The investors believe that shareholders have the right and need to understand how company resources are being spent in efforts to change both elections and public policy; hence, this lobbying disclosure initiative is a natural extension of an ongoing shareholder campaign encouraging greater political spending transparency and accountability. Specifically, the investors believe that enhanced lobbying disclosure will enable them to better evaluate business risk associated with their companies’ efforts to influence regulatory and legislative processes.
This position is consistent with that of U.S. Supreme Court Justice Anthony Kennedy, who, as author of the 5-4 majority decision in Citizens United v. Federal Election Commission stated that, if given prompt disclosure of political expenditures, “Shareholders can determine whether their corporation’s political speech advances the corporation’s interest in making profits…” While Justice Kennedy was speaking of corporate expenditures aimed to influence elections, his logic applies equally to the need for lobbying disclosure.

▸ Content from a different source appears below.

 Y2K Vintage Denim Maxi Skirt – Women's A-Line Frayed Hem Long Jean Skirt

While Citizens United and the focus on political expenditures have attracted a great deal of media attention, corporate lobbying expenditures extend far beyond campaign contributions. A November 2011 study by Si2, funded by the IRRC Institute, entitled “Corporate Governance of Political Expenditures” found that in 2010, S&P 500 companies spent a total of $1.1 billion on political contributions and lobbying, with $979.3 million in federal lobbying expenditures making up 87 percent of this spending.

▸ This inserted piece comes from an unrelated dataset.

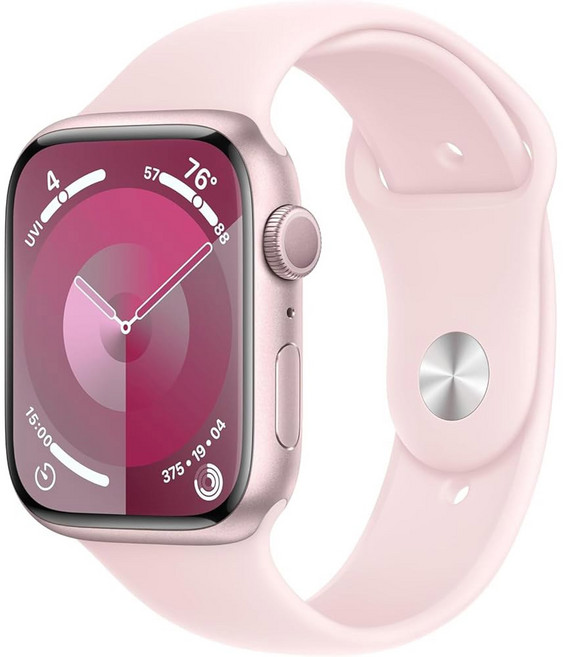 Apple Watch 시리즈 9 [GPS 45mm] - 미드나잇 스포츠 밴드가 있는 미드나잇 알루미늄 케이스 M/L 갱신, Pink W/ Light Pink Band/ M/L, 45mm, 4G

Moreover, lobbying by trade associations to which corporations contribute is substantial, and the corporate contributions are largely unreported. In 2010 the U.S. Chamber of Commerce spent more than $132 million lobbying, making it the country’s largest lobbying group. Yet the Si2 study found that only 14 percent of S&P 500 companies disclose the portion of their trade association dues used to fund lobbying.
Thomas DiNapoli, Comptroller of the State of New York stated, “As a fiduciary, it’s important that companies in which the New York State Common Retirement Fund invest are open, transparent and demonstrate high standards of governance.” Mr. DiNapoli’s office oversees the $133.8 billion state fund. “That’s why we’ve joined this year in filing resolutions urging companies to report to their investors about their lobbying priorities, oversight and corporate dollars spent.”
In fact, most companies do not provide even rudimentary disclosure on their lobbying expenditures and practices to investors. Out of the S&P 500, the IRRC study found 64 percent of companies make no mention of lobbying activities, policies or oversight. Furthermore, the study found that only 13 companies in the S&P 500 provide investors information on how much they spend on lobbying.